The useware development process involves the following steps: analysis, structural design, design, realization, and evaluation. These steps should not be considered in isolation but rather as overlapping stages. Maintaining continuity throughout the process and employing appropriate tools, such as those based on the Extensible Markup Language (XML), helps prevent information loss and breaks in media.

===Analysis===
Understanding that humans have varied learning, thinking, and working styles is crucial when creating a user interface. The first step is to analyze users, their tasks, and their work settings to figure out what they really need. This analysis is key to designing an interface that's focused on both the user and the task, treating humans and machines as partners in interaction. Techniques like structured interviews, observations, and card sorting help get a full picture of users and their behaviour, which is essential for grasping their tasks, user groups, and work environments fully. Engaging multiple experts such as engineers, computer scientists, and psychologists is crucial, particularly in the analysis phase, to generate task models for documentation and interface design, which inherently include a functional model of the process and/or machine.

===Structure design===
The results of the analysis phase inform the structuring phase, where an abstract use model is developed based on this information, which is platform-independent. This use model serves as the foundation for the future user interface, providing a formal representation of use contexts, tasks, and information required for the machine's functionality. Modeled using the Useware Markup Language (useML) within a model-based development environment, the use model defines the basic structure of the interface.

===Design===
During the structuring phase, a hardware platform for the useware must be chosen in parallel. This selection considers both the environmental demands of machine usage, such as pollution, noise, and vibration, and the users' requirements, including display size and optimal interaction devices. Additionally, economic factors play a role. For extensively networked models or those comprising numerous elements, adequate display size is essential for visualizing information structures. These considerations are influenced by user groups and usage contexts.
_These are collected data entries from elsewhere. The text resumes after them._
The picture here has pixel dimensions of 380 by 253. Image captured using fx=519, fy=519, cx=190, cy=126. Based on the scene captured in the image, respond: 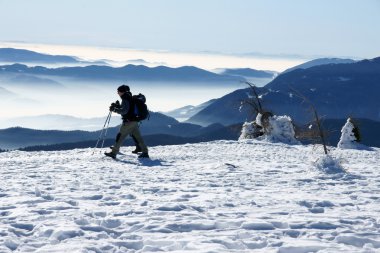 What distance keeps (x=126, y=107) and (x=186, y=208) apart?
7184 millimetres

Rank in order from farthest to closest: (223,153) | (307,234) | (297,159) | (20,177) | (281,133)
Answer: (281,133)
(223,153)
(297,159)
(20,177)
(307,234)

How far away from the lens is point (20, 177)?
37.5 ft

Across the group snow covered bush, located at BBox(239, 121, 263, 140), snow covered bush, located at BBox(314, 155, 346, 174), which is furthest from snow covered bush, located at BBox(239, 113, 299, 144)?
snow covered bush, located at BBox(314, 155, 346, 174)

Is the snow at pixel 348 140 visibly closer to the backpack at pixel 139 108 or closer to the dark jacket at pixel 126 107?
the backpack at pixel 139 108

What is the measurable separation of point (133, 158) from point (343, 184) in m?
6.77

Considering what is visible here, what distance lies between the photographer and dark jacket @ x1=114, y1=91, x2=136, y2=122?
49.1ft

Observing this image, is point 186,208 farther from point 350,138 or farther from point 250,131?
point 250,131

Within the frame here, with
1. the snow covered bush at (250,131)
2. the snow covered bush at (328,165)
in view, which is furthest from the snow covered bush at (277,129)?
the snow covered bush at (328,165)

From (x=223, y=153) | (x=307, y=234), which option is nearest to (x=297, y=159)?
(x=223, y=153)

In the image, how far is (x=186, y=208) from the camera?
825 cm

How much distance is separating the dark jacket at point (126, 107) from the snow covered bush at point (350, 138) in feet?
45.6

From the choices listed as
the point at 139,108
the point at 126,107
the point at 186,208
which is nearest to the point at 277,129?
the point at 139,108

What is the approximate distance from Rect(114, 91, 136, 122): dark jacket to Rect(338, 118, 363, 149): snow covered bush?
1391cm

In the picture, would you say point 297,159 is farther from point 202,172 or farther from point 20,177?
point 20,177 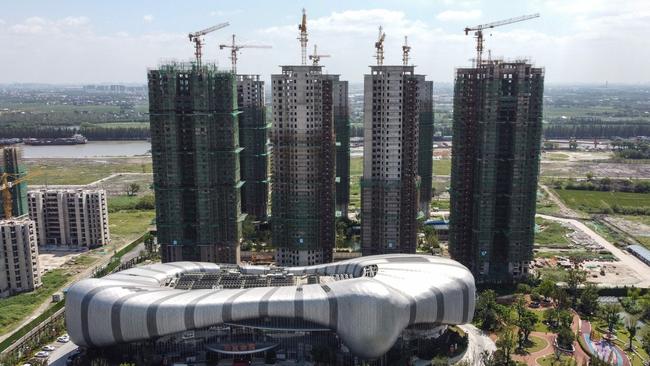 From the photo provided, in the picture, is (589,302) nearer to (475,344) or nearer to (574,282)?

===Realization/prototyping===
During prototyping, developers need to choose a development tool. If the selected environment allows for imports, the developed use model can be brought in, facilitating the creation of the user interface. This typically involves refining dynamic components and dialogue design. Often, there's a disconnect between the structuring and fine design phases. The current array of development tools offers a broad range of notations. Developers must represent the useware through prototypes, such as paper prototypes or Microsoft PowerPoint prototypes.

===Evaluation===
Continuous evaluation throughout the development process enables the early detection of product issues, thereby reducing development costs. It's crucial to assess not only design aspects but also structural elements like navigational concepts during evaluation. Research indicates that 60% of all usage errors stem from structural deficiencies rather than poor design. Consequently, the evaluation phase must be viewed as a cross-sectional task throughout the entire development process. Therefore, integrating users into product development is paramount.